:: DATA RECORDS ::
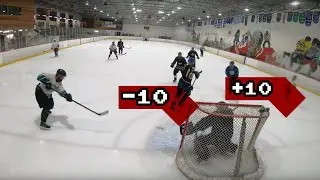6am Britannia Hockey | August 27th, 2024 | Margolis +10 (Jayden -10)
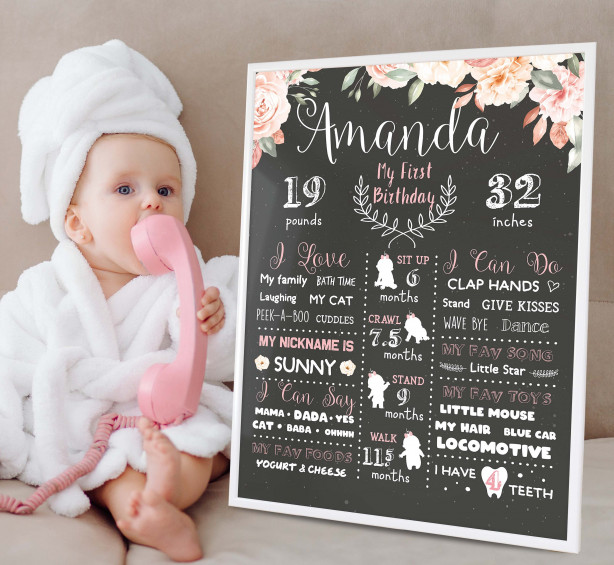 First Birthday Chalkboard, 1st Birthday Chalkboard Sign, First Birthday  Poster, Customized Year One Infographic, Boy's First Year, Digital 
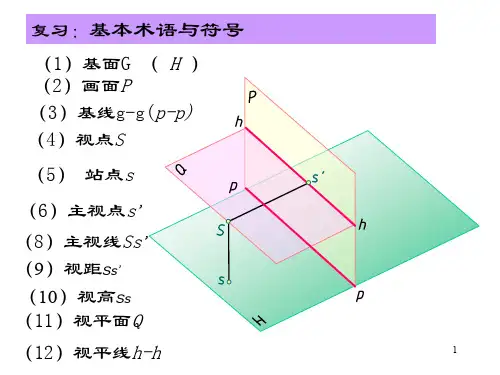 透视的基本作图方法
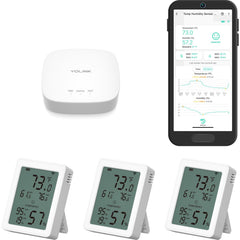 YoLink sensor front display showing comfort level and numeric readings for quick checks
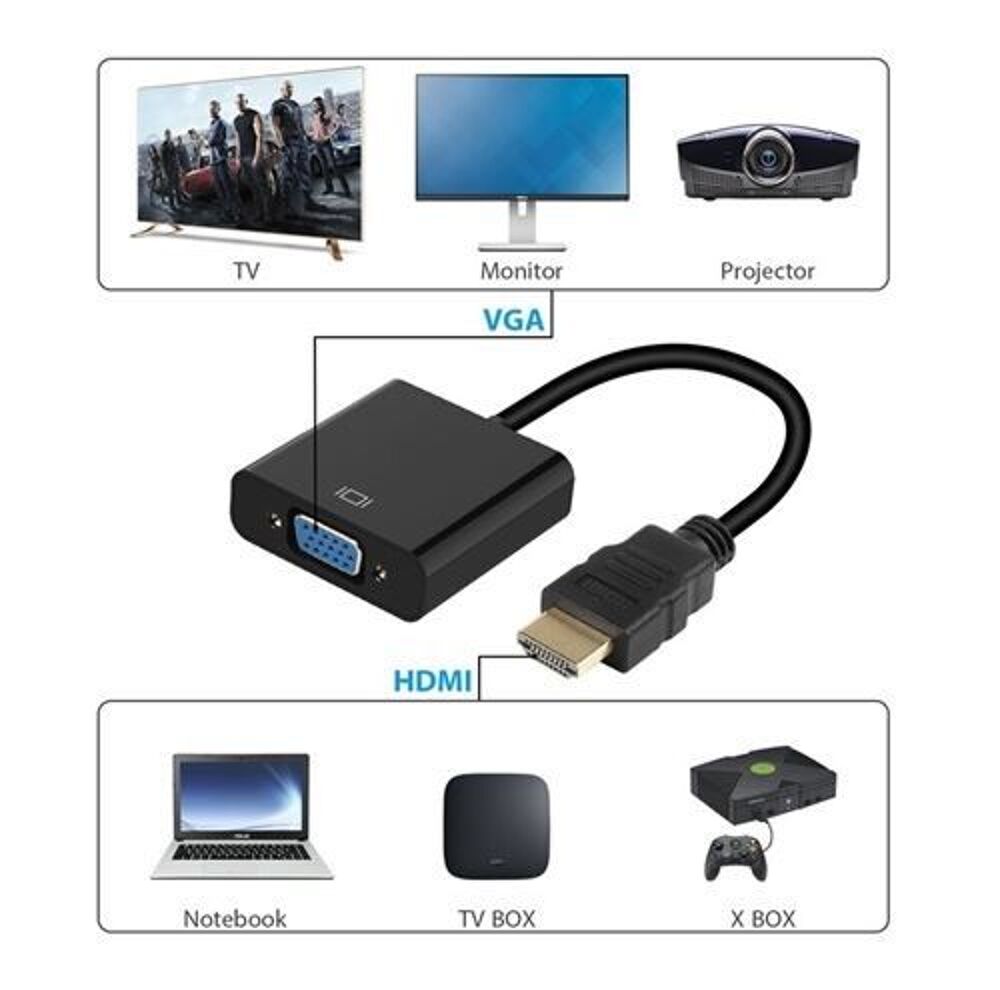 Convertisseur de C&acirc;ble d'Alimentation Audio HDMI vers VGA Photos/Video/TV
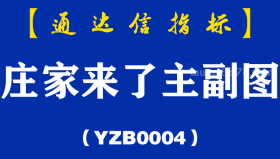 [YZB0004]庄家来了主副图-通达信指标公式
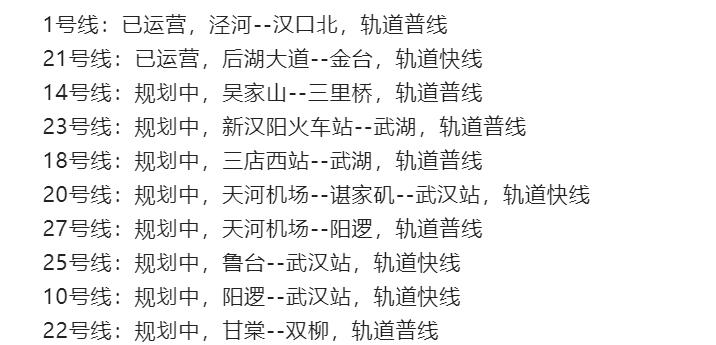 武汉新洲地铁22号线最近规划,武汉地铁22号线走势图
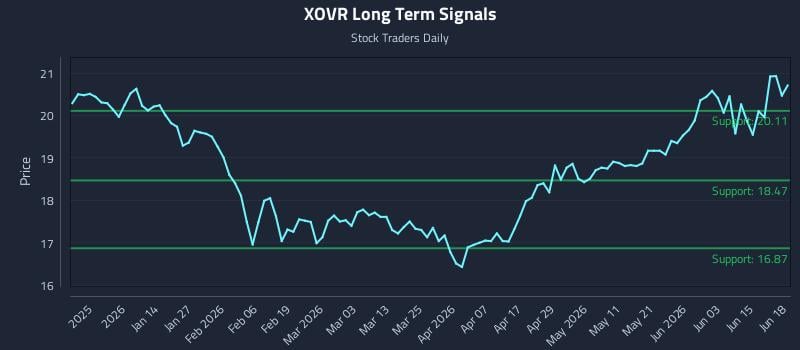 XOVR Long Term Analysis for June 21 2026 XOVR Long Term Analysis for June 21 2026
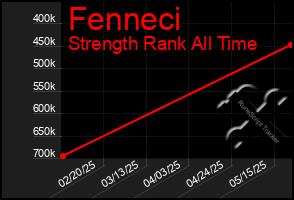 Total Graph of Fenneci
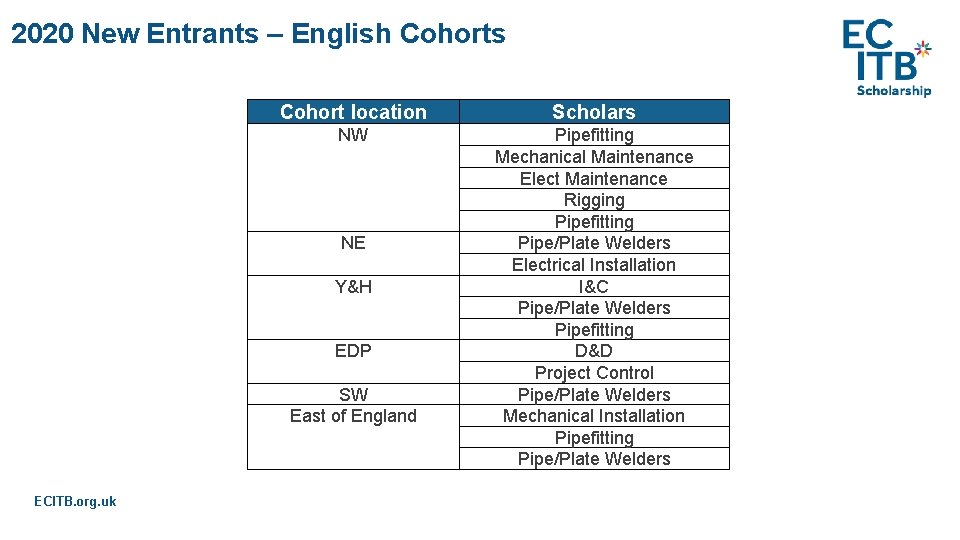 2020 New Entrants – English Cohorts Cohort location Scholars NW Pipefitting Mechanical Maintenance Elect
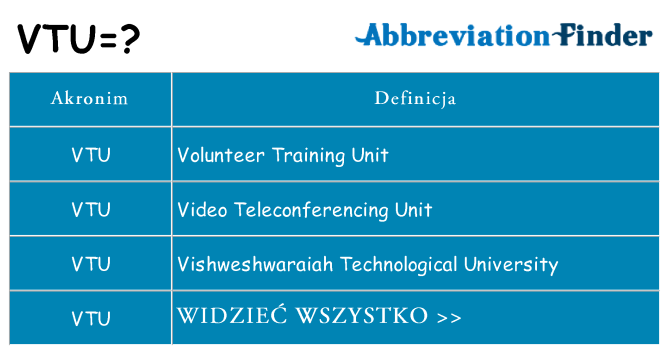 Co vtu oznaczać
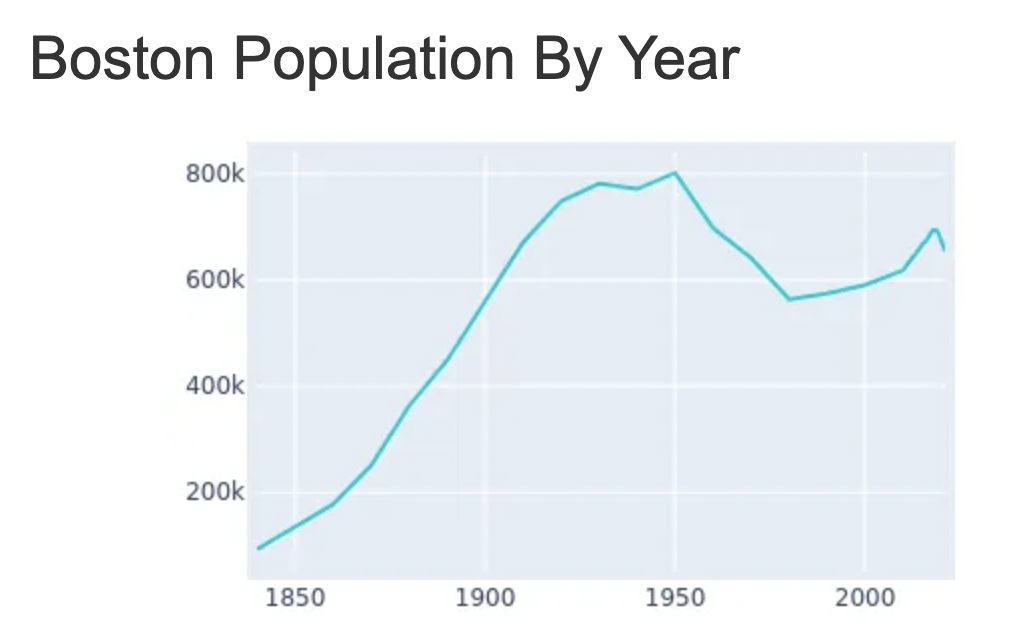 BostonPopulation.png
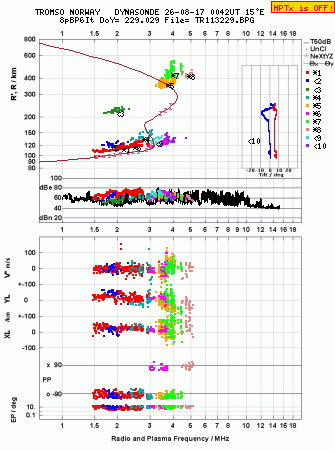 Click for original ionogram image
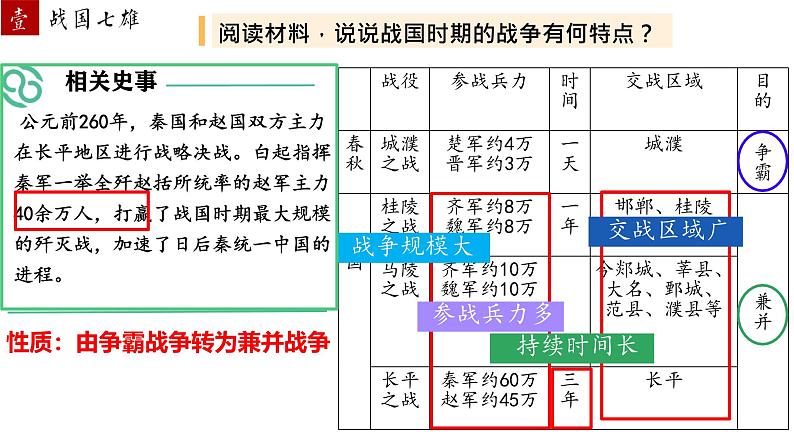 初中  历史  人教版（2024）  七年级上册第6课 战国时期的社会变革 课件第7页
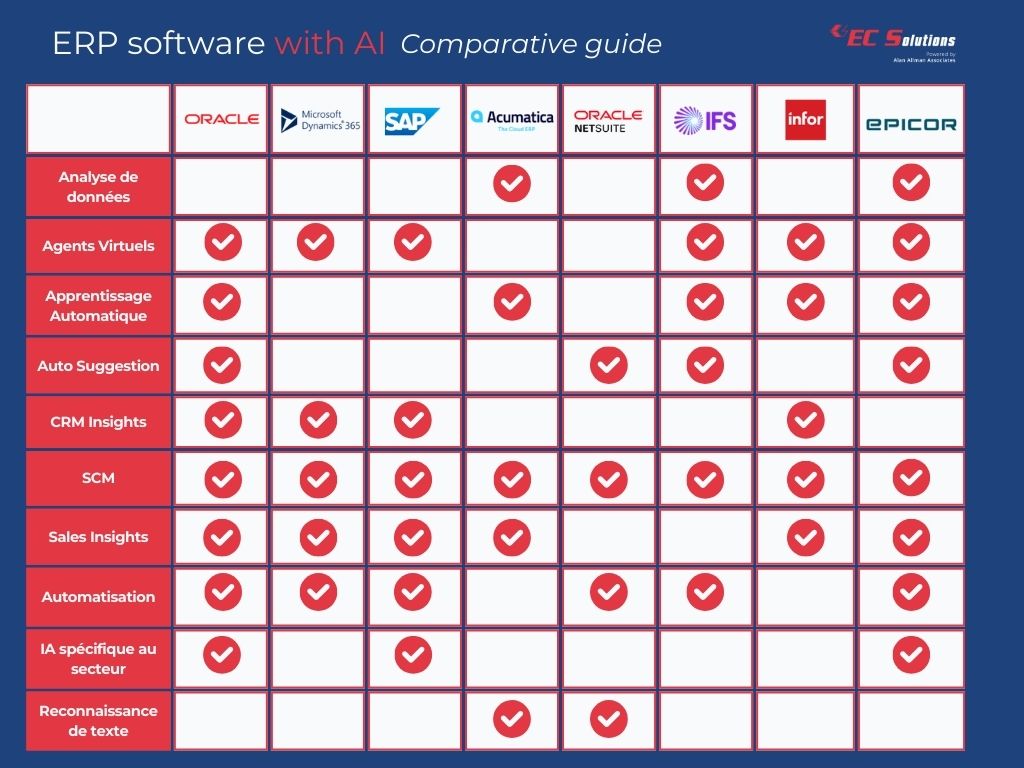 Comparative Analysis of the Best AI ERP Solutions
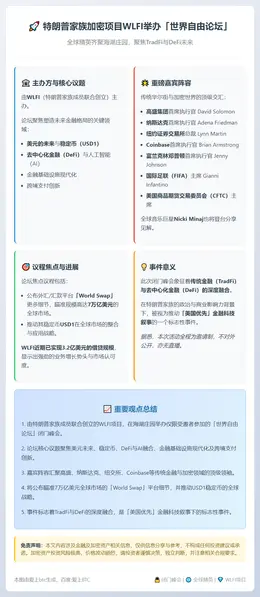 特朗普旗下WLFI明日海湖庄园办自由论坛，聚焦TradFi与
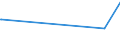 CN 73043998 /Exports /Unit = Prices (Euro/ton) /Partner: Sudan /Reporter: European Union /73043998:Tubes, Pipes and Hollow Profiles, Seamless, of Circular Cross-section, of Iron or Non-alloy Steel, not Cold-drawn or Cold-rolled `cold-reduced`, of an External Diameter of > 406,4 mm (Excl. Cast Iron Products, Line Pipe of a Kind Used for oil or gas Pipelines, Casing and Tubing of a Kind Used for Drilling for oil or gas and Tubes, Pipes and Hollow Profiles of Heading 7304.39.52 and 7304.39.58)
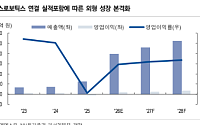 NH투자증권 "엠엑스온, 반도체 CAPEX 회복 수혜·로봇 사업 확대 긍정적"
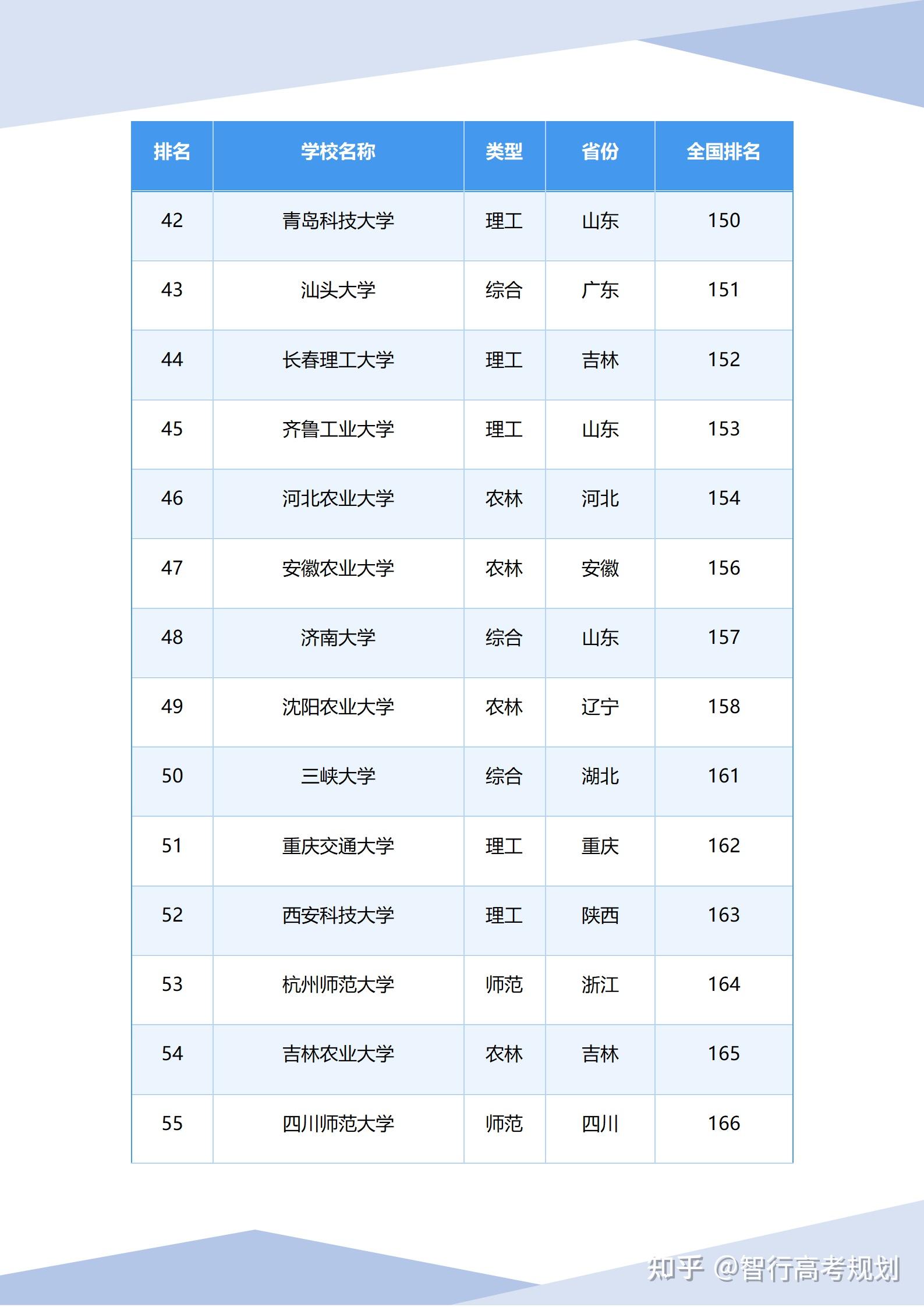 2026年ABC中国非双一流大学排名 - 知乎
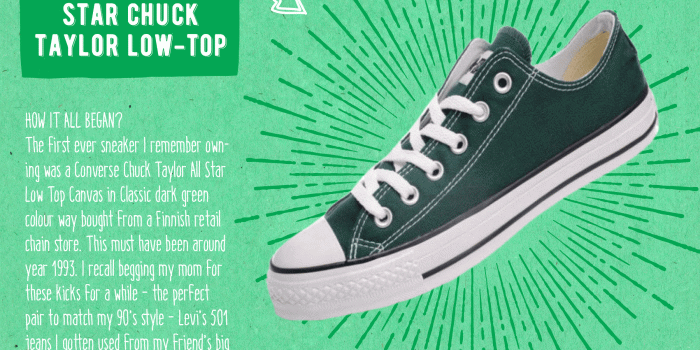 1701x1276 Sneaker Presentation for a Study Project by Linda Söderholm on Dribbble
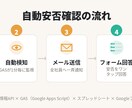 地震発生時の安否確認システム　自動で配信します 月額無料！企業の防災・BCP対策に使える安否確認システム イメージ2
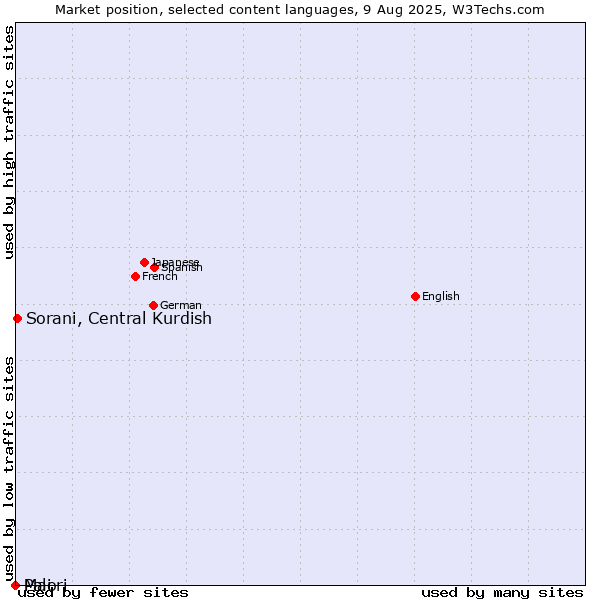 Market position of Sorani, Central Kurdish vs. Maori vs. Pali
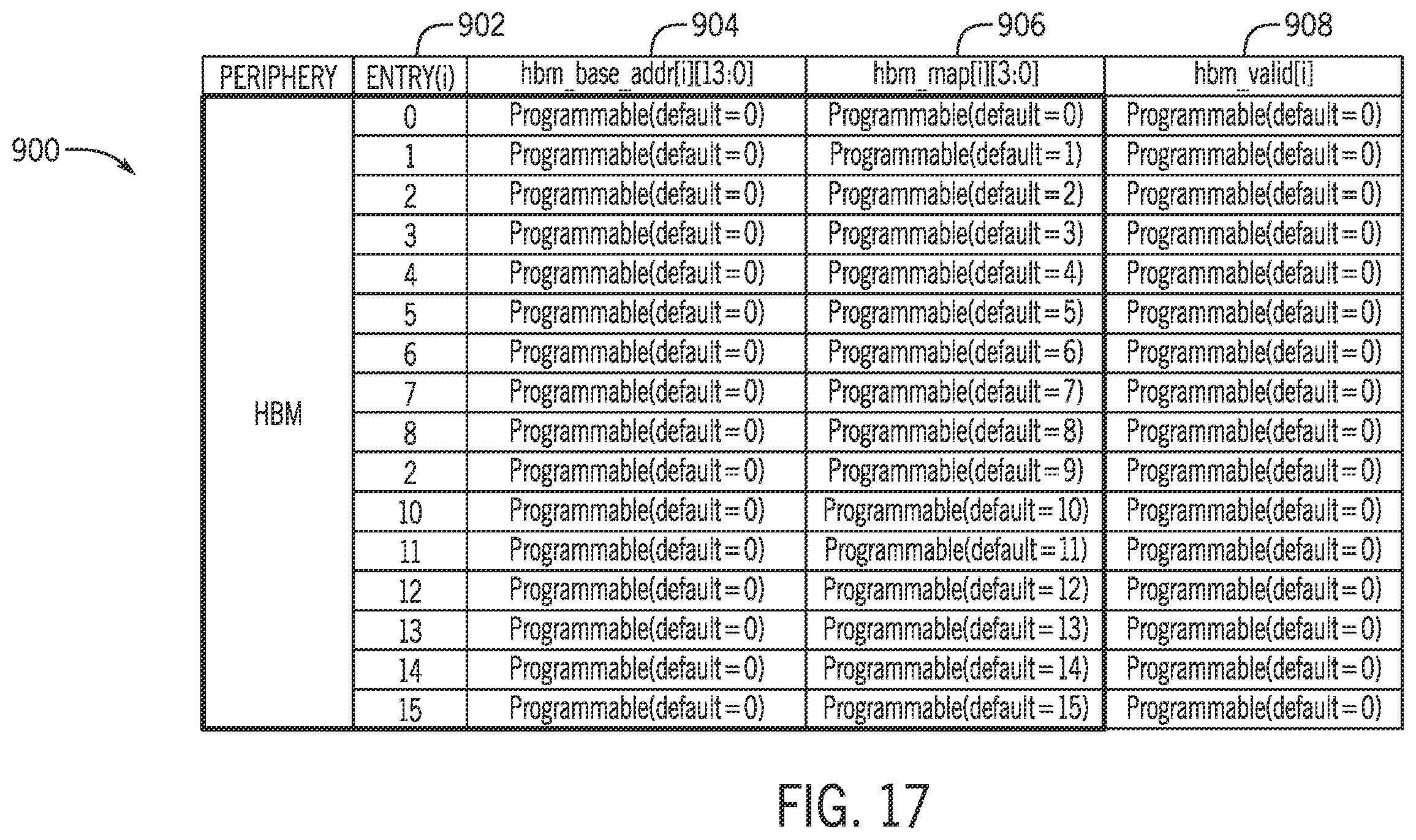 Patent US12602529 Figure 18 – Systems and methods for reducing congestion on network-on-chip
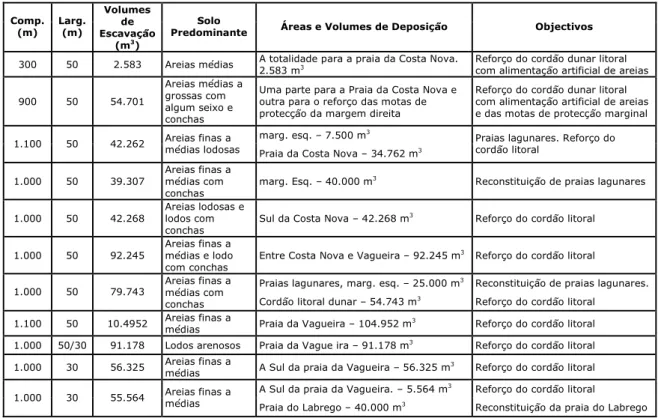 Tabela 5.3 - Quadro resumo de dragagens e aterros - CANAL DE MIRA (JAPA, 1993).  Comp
:::
_DIRECTIONS FOR THIS TASK:_ With the pictures set aside, copy each line above as written.

_OUTPUT OF THE TASK:_
6am Britannia Hockey | August 27th, 2024 | Margolis +10 (Jayden -10)
 First Birthday Chalkboard, 1st Birthday Chalkboard Sign, First Birthday  Poster, Customized Year One Infographic, Boy's First Year, Digital 
 透视的基本作图方法
 YoLink sensor front display showing comfort level and numeric readings for quick checks
 Convertisseur de C&acirc;ble d'Alimentation Audio HDMI vers VGA Photos/Video/TV
 [YZB0004]庄家来了主副图-通达信指标公式
 武汉新洲地铁22号线最近规划,武汉地铁22号线走势图
 XOVR Long Term Analysis for June 21 2026 XOVR Long Term Analysis for June 21 2026
 Total Graph of Fenneci
 2020 New Entrants – English Cohorts Cohort location Scholars NW Pipefitting Mechanical Maintenance Elect
 Co vtu oznaczać
 BostonPopulation.png
 Click for original ionogram image
 初中  历史  人教版（2024）  七年级上册第6课 战国时期的社会变革 课件第7页
 Comparative Analysis of the Best AI ERP Solutions
 特朗普旗下WLFI明日海湖庄园办自由论坛，聚焦TradFi与
 CN 73043998 /Exports /Unit = Prices (Euro/ton) /Partner: Sudan /Reporter: European Union /73043998:Tubes, Pipes and Hollow Profiles, Seamless, of Circular Cross-section, of Iron or Non-alloy Steel, not Cold-drawn or Cold-rolled `cold-reduced`, of an External Diameter of > 406,4 mm (Excl. Cast Iron Products, Line Pipe of a Kind Used for oil or gas Pipelines, Casing and Tubing of a Kind Used for Drilling for oil or gas and Tubes, Pipes and Hollow Profiles of Heading 7304.39.52 and 7304.39.58)
 NH투자증권 "엠엑스온, 반도체 CAPEX 회복 수혜·로봇 사업 확대 긍정적"
 2026年ABC中国非双一流大学排名 - 知乎
 1701x1276 Sneaker Presentation for a Study Project by Linda Söderholm on Dribbble
 地震発生時の安否確認システム　自動で配信します 月額無料！企業の防災・BCP対策に使える安否確認システム イメージ2
 Market position of Sorani, Central Kurdish vs. Maori vs. Pali
 Patent US12602529 Figure 18 – Systems and methods for reducing congestion on network-on-chip
 Tabela 5.3 - Quadro resumo de dragagens e aterros - CANAL DE MIRA (JAPA, 1993).  Comp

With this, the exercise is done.